◆ **Task**: Beginning with the first line of the data below, set down each line exactly through the line that contains "Betallic&reg; 24 inch".

====== Extracted data

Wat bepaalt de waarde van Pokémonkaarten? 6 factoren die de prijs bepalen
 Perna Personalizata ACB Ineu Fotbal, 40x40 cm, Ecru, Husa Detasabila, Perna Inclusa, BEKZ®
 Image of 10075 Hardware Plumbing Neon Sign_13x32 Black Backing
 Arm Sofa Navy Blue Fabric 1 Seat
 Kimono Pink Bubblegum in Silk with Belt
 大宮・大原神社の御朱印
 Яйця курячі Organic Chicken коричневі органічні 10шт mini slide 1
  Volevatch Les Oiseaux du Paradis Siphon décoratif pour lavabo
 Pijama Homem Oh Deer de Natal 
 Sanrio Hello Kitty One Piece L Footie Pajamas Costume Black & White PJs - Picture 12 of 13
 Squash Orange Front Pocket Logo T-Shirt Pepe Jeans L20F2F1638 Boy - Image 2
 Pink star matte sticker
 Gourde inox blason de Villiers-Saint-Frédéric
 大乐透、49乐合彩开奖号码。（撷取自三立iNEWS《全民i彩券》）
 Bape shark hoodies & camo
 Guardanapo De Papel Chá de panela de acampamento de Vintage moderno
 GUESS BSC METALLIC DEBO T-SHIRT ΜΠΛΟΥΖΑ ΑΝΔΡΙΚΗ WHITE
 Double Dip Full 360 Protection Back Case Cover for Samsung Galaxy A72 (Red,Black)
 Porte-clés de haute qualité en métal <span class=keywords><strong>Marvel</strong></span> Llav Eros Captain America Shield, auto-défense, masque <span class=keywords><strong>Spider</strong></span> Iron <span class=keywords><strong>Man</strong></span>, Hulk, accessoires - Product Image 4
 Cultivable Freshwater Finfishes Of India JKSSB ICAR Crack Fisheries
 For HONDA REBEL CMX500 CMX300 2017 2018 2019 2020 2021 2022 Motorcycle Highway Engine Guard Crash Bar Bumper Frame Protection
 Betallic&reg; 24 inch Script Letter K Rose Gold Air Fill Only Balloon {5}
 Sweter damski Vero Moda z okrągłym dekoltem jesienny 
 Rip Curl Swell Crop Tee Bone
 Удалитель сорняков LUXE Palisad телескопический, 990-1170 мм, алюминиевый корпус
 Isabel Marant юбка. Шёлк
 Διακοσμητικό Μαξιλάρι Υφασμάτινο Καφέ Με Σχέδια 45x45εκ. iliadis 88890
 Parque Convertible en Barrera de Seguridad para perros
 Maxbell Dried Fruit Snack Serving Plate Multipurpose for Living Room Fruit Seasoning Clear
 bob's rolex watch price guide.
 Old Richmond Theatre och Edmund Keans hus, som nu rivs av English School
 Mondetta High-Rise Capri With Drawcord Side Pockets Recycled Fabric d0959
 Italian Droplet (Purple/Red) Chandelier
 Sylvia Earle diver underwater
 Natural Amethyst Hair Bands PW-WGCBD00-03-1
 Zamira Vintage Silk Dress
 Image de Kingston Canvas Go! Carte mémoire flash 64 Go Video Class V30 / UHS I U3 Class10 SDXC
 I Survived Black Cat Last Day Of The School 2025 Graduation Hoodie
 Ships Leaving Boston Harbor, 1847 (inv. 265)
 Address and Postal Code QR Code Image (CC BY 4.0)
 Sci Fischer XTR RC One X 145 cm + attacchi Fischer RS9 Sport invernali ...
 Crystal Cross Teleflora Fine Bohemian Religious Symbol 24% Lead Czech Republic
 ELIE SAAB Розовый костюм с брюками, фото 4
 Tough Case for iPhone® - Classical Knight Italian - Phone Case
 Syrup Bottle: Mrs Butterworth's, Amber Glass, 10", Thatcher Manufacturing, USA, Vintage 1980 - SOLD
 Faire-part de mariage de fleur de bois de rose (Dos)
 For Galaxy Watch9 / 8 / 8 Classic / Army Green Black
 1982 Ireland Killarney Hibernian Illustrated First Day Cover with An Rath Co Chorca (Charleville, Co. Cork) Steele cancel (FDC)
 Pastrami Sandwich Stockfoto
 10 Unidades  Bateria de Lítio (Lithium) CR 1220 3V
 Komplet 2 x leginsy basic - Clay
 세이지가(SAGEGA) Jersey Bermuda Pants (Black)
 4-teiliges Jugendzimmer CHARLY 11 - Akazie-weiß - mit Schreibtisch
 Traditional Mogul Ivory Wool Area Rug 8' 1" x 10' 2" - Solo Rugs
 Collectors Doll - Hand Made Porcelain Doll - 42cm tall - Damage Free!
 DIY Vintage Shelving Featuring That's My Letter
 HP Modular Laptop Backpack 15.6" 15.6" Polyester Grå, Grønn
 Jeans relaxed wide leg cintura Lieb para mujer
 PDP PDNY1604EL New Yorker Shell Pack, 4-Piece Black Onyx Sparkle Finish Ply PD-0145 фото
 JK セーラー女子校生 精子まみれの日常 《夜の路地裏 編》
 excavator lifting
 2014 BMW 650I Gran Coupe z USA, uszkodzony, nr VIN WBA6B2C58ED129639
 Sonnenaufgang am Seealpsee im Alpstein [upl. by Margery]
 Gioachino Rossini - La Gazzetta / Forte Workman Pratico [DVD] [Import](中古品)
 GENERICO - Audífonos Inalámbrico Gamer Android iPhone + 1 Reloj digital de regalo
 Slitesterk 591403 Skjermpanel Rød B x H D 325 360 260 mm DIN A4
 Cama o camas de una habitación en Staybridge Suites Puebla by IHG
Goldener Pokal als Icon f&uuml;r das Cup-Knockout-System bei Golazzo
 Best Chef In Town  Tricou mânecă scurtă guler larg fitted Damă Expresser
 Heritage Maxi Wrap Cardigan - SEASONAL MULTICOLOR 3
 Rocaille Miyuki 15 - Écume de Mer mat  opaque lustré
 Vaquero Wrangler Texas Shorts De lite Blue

============

◆ **Expected output**:
Wat bepaalt de waarde van Pokémonkaarten? 6 factoren die de prijs bepalen
 Perna Personalizata ACB Ineu Fotbal, 40x40 cm, Ecru, Husa Detasabila, Perna Inclusa, BEKZ®
 Image of 10075 Hardware Plumbing Neon Sign_13x32 Black Backing
 Arm Sofa Navy Blue Fabric 1 Seat
 Kimono Pink Bubblegum in Silk with Belt
 大宮・大原神社の御朱印
 Яйця курячі Organic Chicken коричневі органічні 10шт mini slide 1
  Volevatch Les Oiseaux du Paradis Siphon décoratif pour lavabo
 Pijama Homem Oh Deer de Natal 
 Sanrio Hello Kitty One Piece L Footie Pajamas Costume Black & White PJs - Picture 12 of 13
 Squash Orange Front Pocket Logo T-Shirt Pepe Jeans L20F2F1638 Boy - Image 2
 Pink star matte sticker
 Gourde inox blason de Villiers-Saint-Frédéric
 大乐透、49乐合彩开奖号码。（撷取自三立iNEWS《全民i彩券》）
 Bape shark hoodies & camo
 Guardanapo De Papel Chá de panela de acampamento de Vintage moderno
 GUESS BSC METALLIC DEBO T-SHIRT ΜΠΛΟΥΖΑ ΑΝΔΡΙΚΗ WHITE
 Double Dip Full 360 Protection Back Case Cover for Samsung Galaxy A72 (Red,Black)
 Porte-clés de haute qualité en métal <span class=keywords><strong>Marvel</strong></span> Llav Eros Captain America Shield, auto-défense, masque <span class=keywords><strong>Spider</strong></span> Iron <span class=keywords><strong>Man</strong></span>, Hulk, accessoires - Product Image 4
 Cultivable Freshwater Finfishes Of India JKSSB ICAR Crack Fisheries
 For HONDA REBEL CMX500 CMX300 2017 2018 2019 2020 2021 2022 Motorcycle Highway Engine Guard Crash Bar Bumper Frame Protection
 Betallic&reg; 24 inch Script Letter K Rose Gold Air Fill Only Balloon {5}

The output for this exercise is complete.